▶ [ABOUT THIS TASK] A verbatim copy of the listing is needed; pictures are to be left out.

▶ [SUPPLIED MATERIAL]
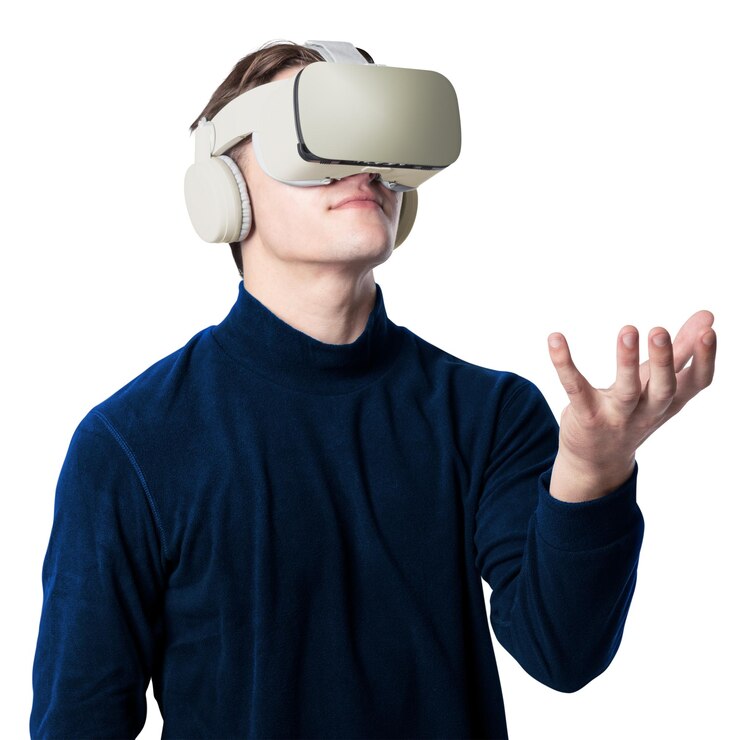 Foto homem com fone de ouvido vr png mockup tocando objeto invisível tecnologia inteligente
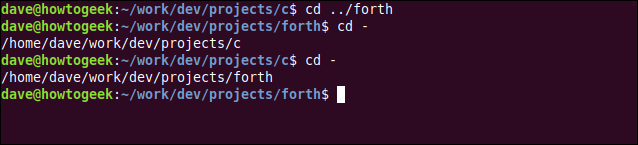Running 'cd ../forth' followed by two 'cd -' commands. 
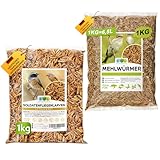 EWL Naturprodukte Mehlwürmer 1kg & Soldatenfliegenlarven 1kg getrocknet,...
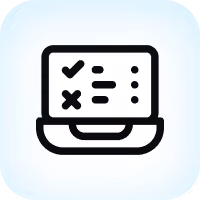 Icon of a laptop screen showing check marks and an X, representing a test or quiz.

▶ [FINISHED TASK]
 Foto homem com fone de ouvido vr png mockup tocando objeto invisível tecnologia inteligente
Running 'cd ../forth' followed by two 'cd -' commands. 
 EWL Naturprodukte Mehlwürmer 1kg & Soldatenfliegenlarven 1kg getrocknet,...
 Icon of a laptop screen showing check marks and an X, representing a test or quiz.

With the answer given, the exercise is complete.